[Opening Source material section]

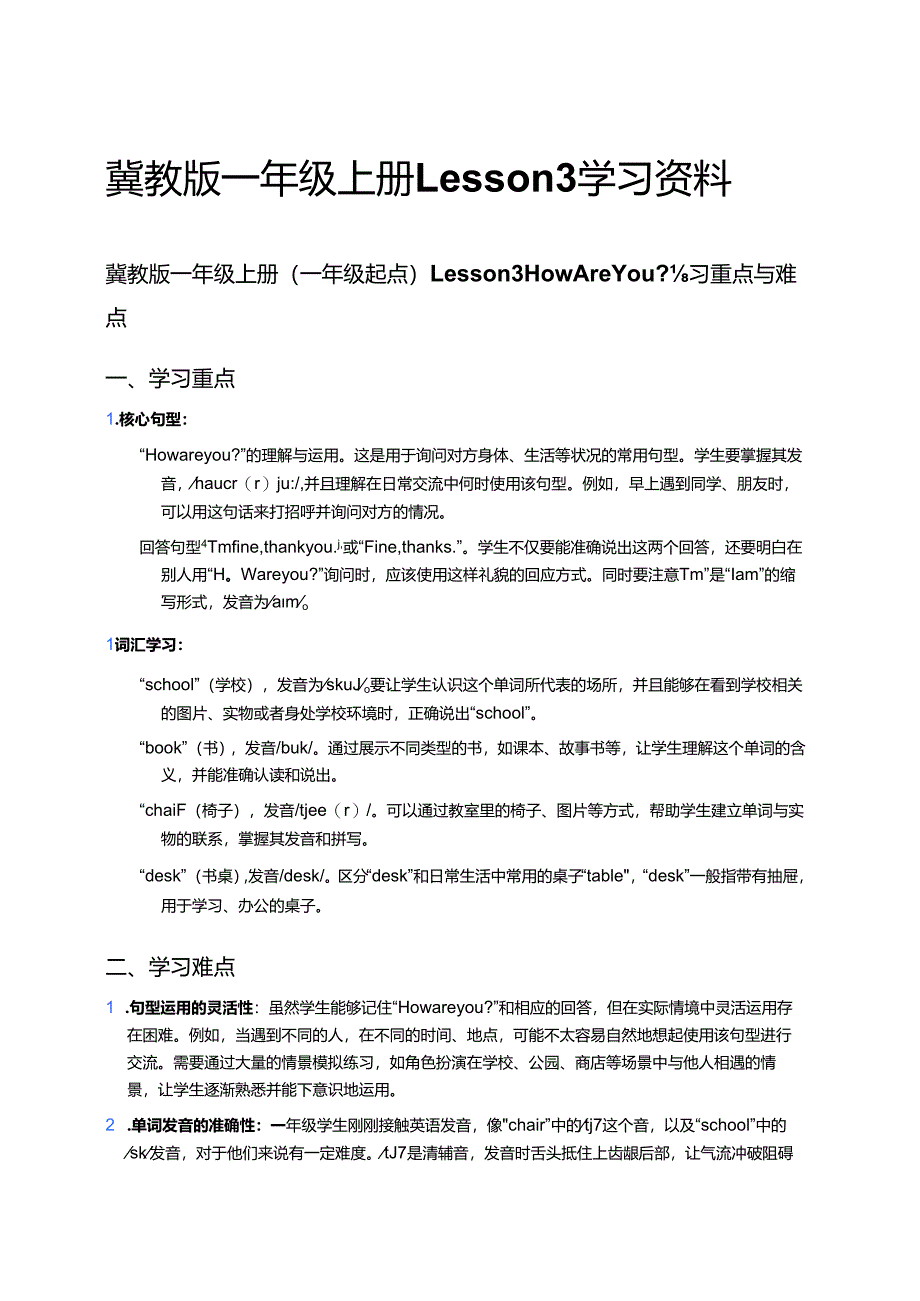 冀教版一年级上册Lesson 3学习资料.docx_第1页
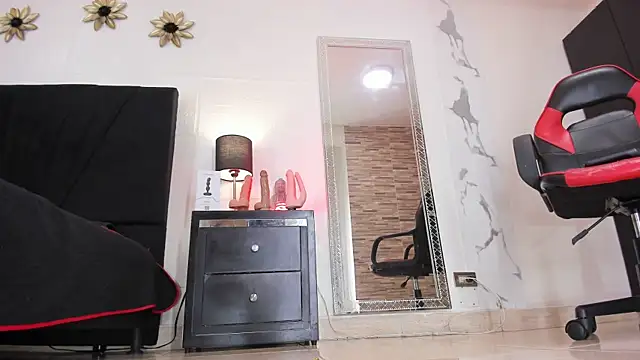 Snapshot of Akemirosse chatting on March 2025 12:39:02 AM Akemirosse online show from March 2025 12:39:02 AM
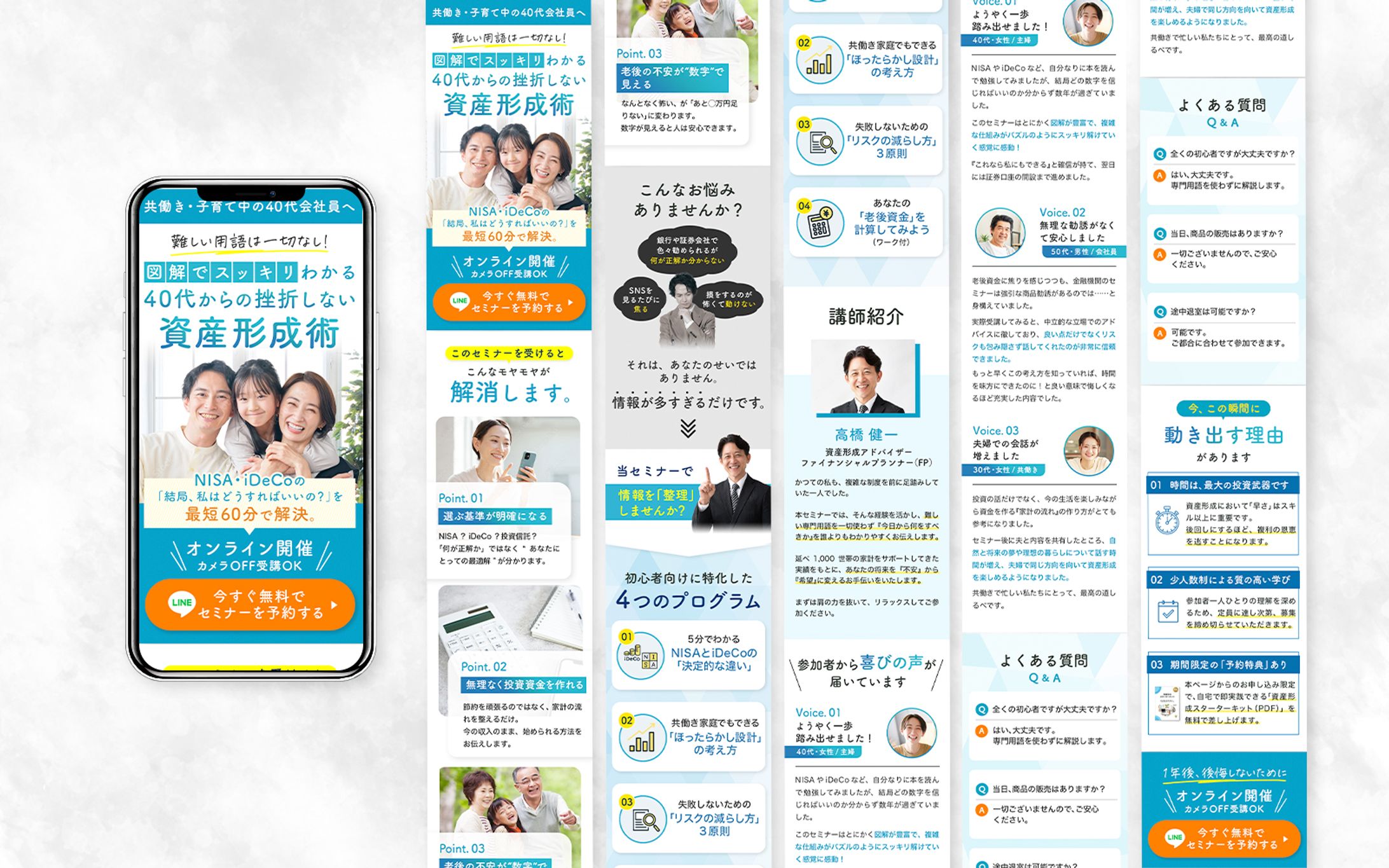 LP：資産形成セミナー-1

[Closing Source material section]
[Opening Source material section]

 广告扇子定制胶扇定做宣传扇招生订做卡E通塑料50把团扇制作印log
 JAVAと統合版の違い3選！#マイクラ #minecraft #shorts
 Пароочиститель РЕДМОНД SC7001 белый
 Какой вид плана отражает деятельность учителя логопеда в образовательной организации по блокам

[Closing Source material section]
[Opening Source material section]

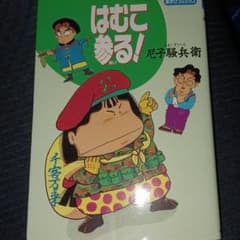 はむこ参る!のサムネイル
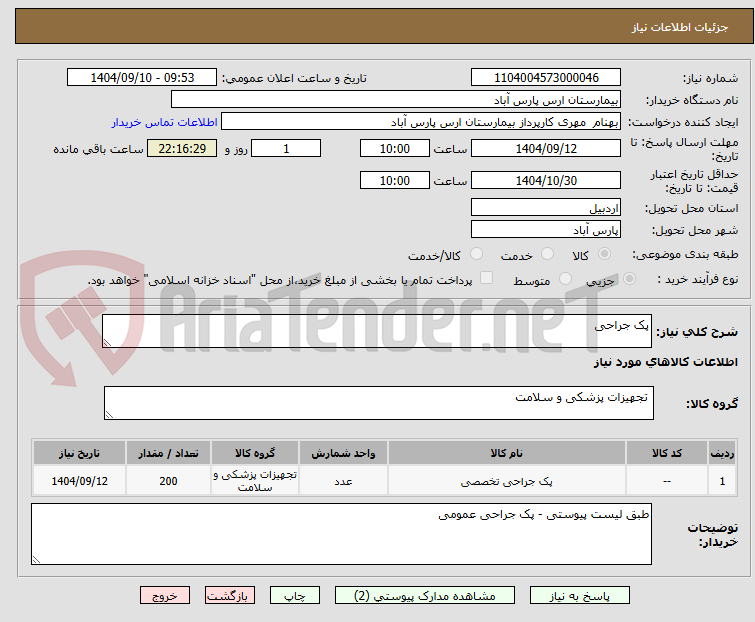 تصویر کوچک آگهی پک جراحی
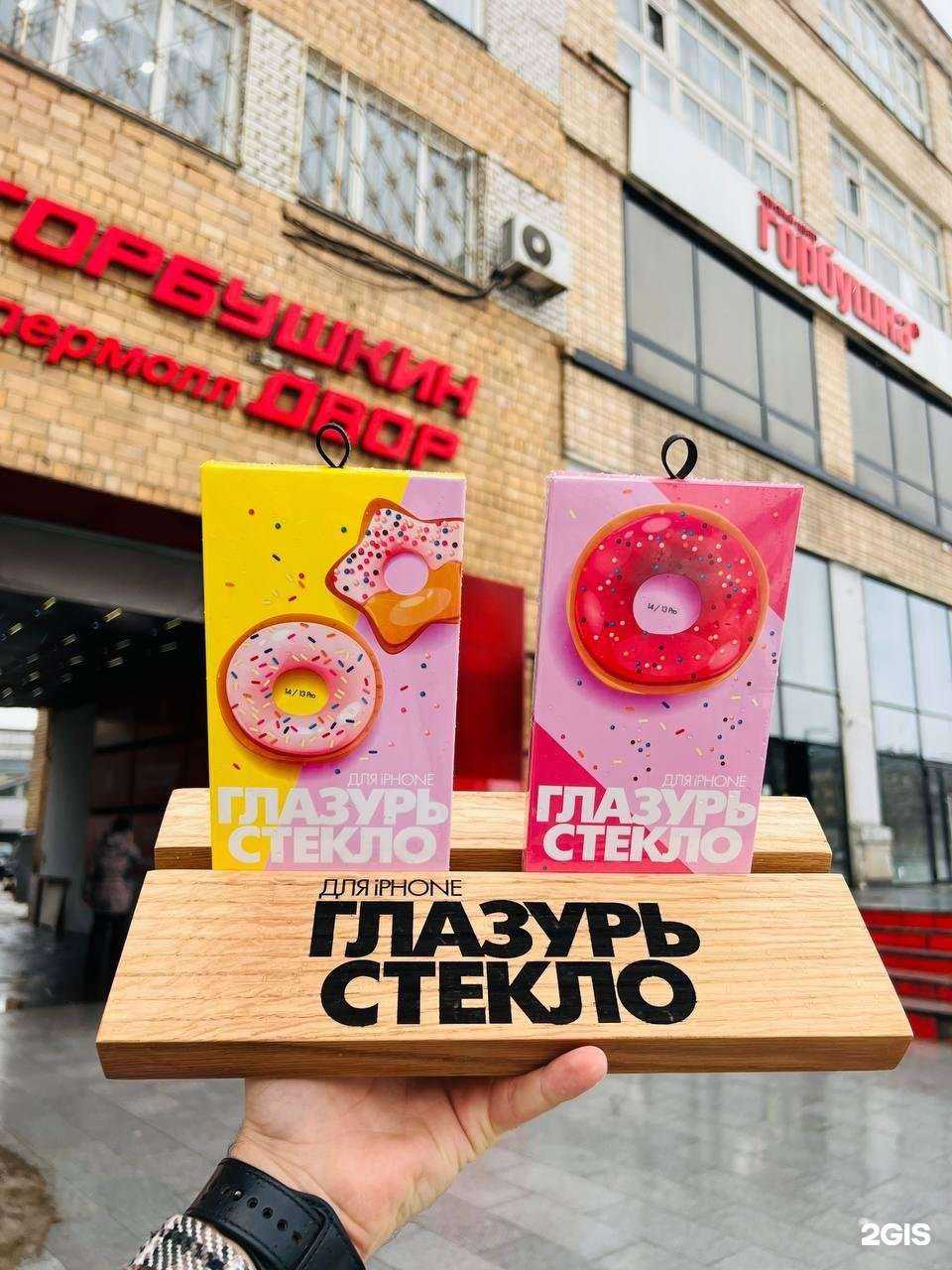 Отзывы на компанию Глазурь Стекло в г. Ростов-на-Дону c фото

[Closing Source material section]

Assigned task:
Leaving pictures out, output the lines of the data above from the one with "冀教版一年级上册Lesson 3学习资料.docx_第1页" through the one with "LP：資産形成セミナー-1", word for word.

Task result:
 冀教版一年级上册Lesson 3学习资料.docx_第1页
 Snapshot of Akemirosse chatting on March 2025 12:39:02 AM Akemirosse online show from March 2025 12:39:02 AM
 LP：資産形成セミナー-1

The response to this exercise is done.